People v Weis
2019 NY Slip Op 03109 [171 AD3d 1403]
April 25, 2019
Appellate Division, Third Department
Published by New York State Law Reporting Bureau pursuant to Judiciary Law § 431.
As corrected through Wednesday, May 29, 2019


[*1]
 The People of the State of New York, Respondent,
v
Dion Weis, Appellant.

Dennis J. Lamb, Troy, for appellant.

Robert M. Carney, District Attorney, Schenectady (Peter H. Willis of counsel), for respondent.

Devine, J. Appeal from a judgment of the County Court of Schenectady County (Sypniewski, J.), rendered December 8, 2016, convicting defendant upon his plea of guilty of the crime of attempted criminal sale of a controlled substance in the third degree.

In satisfaction of two indictments charging him with various crimes, defendant pleaded guilty to attempted criminal sale of a controlled substance in the third degree and waived his right to appeal, both orally and in writing. In accordance with the terms of the plea agreement, he was sentenced as a second felony offender to 31/2 years in prison followed by three years of postrelease supervision. He appeals.

Initially, we find no merit to defendant's claim that his waiver of the right to appeal is invalid. County Court advised defendant of the trial-related rights that he was forfeiting by pleading guilty, informing him that the right to appeal was separate and distinct from these rights. The court then had defendant review the comprehensive written appeal waiver with counsel in open court and ascertained that defendant signed it and understood its ramifications. In view of this, defendant's appeal waiver was valid (see People v Moore, 167 AD3d 1158, 1159 [2018], lv denied 33 NY3d 951 [2019]; People v Nieves, 163 AD3d 1359, 1359-1360 [2018], lv denied 32 NY3d 1006 [2018]).

Although not precluded by his valid waiver of the right to appeal, defendant's challenge to the voluntariness of his guilty plea is not preserved for our review as the record does not disclose that he made an appropriate postallocution motion (see People v Small, 166 AD3d 1237, 1238 [2018]; People v Suits, 158 AD3d 949, 950 [2018]). Moreover, the narrow exception to the preservation rule is inapplicable as defendant did not make any statements that negated his guilt or cast doubt upon the voluntariness of his plea (see People v Suits, 158 AD3d at 950-951; People v Shillabeer, 154 AD3d 1017, 1018 [2017]). Furthermore, defendant's valid appeal waiver precludes his challenge to the severity of the sentence (see People v Nieves, 163 AD3d at 1360; People v Venable, 161 AD3d 1315, 1315 [2018], lv denied 31 NY3d 1154 [2018]).[FN*]

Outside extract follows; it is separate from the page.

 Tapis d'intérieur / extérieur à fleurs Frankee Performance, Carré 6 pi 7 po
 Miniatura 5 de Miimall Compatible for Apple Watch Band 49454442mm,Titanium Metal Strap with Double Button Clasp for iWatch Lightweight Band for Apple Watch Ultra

Garry, P.J., Egan Jr., Aarons and Pritzker, JJ., concur. Ordered that the judgment is affirmed.

Footnotes


Footnote *:Although a challenge to the legality of a sentence survives a valid appeal waiver (see People v Surdis, 163 AD3d 1363, 1364 n [2018], lv denied 32 NY3d 1068 [2018]; People v Quinones, 162 AD3d 1402, 1402-1403 [2018]), defendant's claim that County Court failed to ask him if he wished to make a statement during sentencing (see CPL 380.50 [1]) is unpreserved inasmuch as defendant failed to make an appropriate objection at sentencing (see People v Morales-Lopez, 110 AD3d 1248, 1249 [2013], lv denied 22 NY3d 1140 [2014]; People v Cianfarani, 81 AD3d 998, 999 [2011]).